The sun was rising when he finally found his sword. Between his fits of sickness, he had tried to lay down through what remained of the night and calm himself. Sleep never took him; his heartbeat was too loud to find peace enough to rest.
The blade was his, but it was different. Once a long curved steel sword, edged on a single side, it still held its shape, but the blade was stained bloody black on the latter half towards the point. The razored edge was now jagged and corroded where the Black Drake's heart stained it. The steel was still strong, and the blade would still cut clean, although with a bite rather than a kiss.
In the clean reflection of the blade, he saw himself with his new wide round, and yellow eyes. The face and head of a black dragon. He was some wingless fiend, a monstrosity.
"He could never return to his home, and he could never guard his emperor. What would his father think?"
Gazing up at the split sky he saw beyond the mystifying chromatics of the streams of magic that danced in the night air. Staring above the clouds and yet below the stars, all that remained of the great world that hung there mere hours ago, was a hole. A black pit, and if you looked through it, you could see the Storms of Chaos, shifting at the edge of our realm and all we'd ever known.

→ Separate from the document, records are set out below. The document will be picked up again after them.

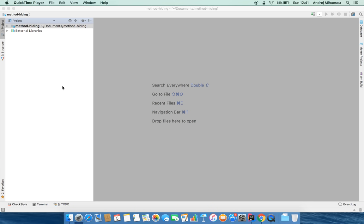Hello world, today I wanted to talk about something I came across during my study for OCJA - Oracle Certified Java Associate certification - and that's called method hiding. I came across it when reading about method overriding and I found this to be rather interesting. I wanted to make a video to complement the article from my blog post explaining what method hiding means and how it's different from method overloading.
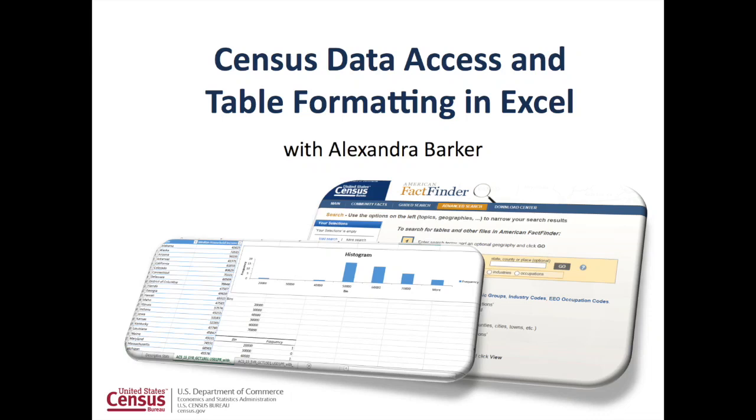Welcome to the video tutorial on using census data in Excel. I am Alexandra Barker, Data Dissemination Specialist with the Census Bureau.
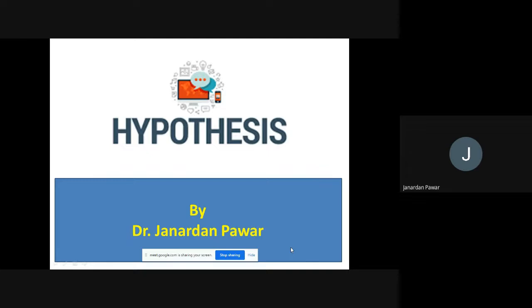Hypothesis plays the most important role whenever we go for research or whenever we want to complete research. The completion of research is totally dependent upon the hypothesis that you are constructing. So what is hypothesis, what sort of importance it has, what types are there — these are what we are discussing today. I want your participation in this lecture. If you have any question, you can ask at the end of the session. Without wasting your time, I am going to start the session.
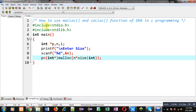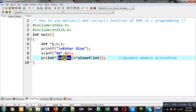This is the implementation of the malloc function for dynamic memory allocation. I have called malloc and passed n multiplied by size of int — where n is the number of blocks and size of int is the size of each block. This multiplication value is passed into malloc, and malloc creates a memory block whose base address is returned, typecasted into an integer pointer, and stored inside p.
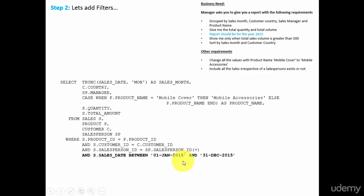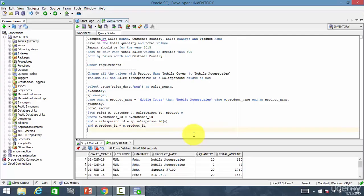For 2015, it is s.salesDate between 1st January 2015 and 31st December 2015. That's it. My filter is done.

That night in the wilderness alone, he dreamed, he was climbing a mountain in the center of the universe, the tallest mountain in all of this plane. At the peak, he stared across a cloudless sky and gazed at the world before him like a map on a table.

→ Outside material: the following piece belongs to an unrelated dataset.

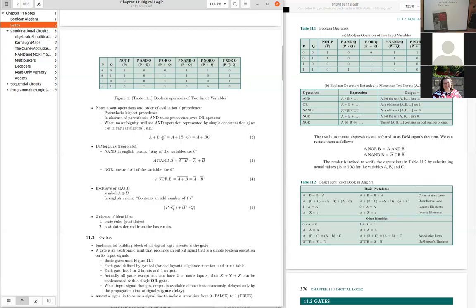In standard Boolean algebra, AND takes precedence over OR, similar to how multiplication precedes addition in arithmetic (PEMDAS). Parentheses still have highest precedence, followed by AND, then OR.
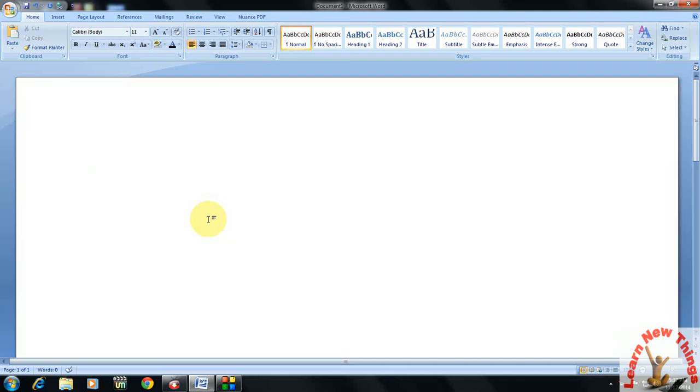Hey guys, this is MJ and here I am going to show you the shortcut key for inserting symbols in Microsoft Word. This shortcut key will work in all versions of Microsoft Word like 2003, 2007, 2010, and 2013.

There were tornadoes of fire ripping the land asunder, whole lakes draining into the sea, and strange figures that shifted across the world, towering over the lands below. His eyes were fixated on a black-robed figure who steadily crept across the board. It shambled over the land leaving a shroud of sickness and plagues of insects where it roamed, he stared so long that he felt his eyes turning to sand, and just before he woke, he felt the figure meet his gaze.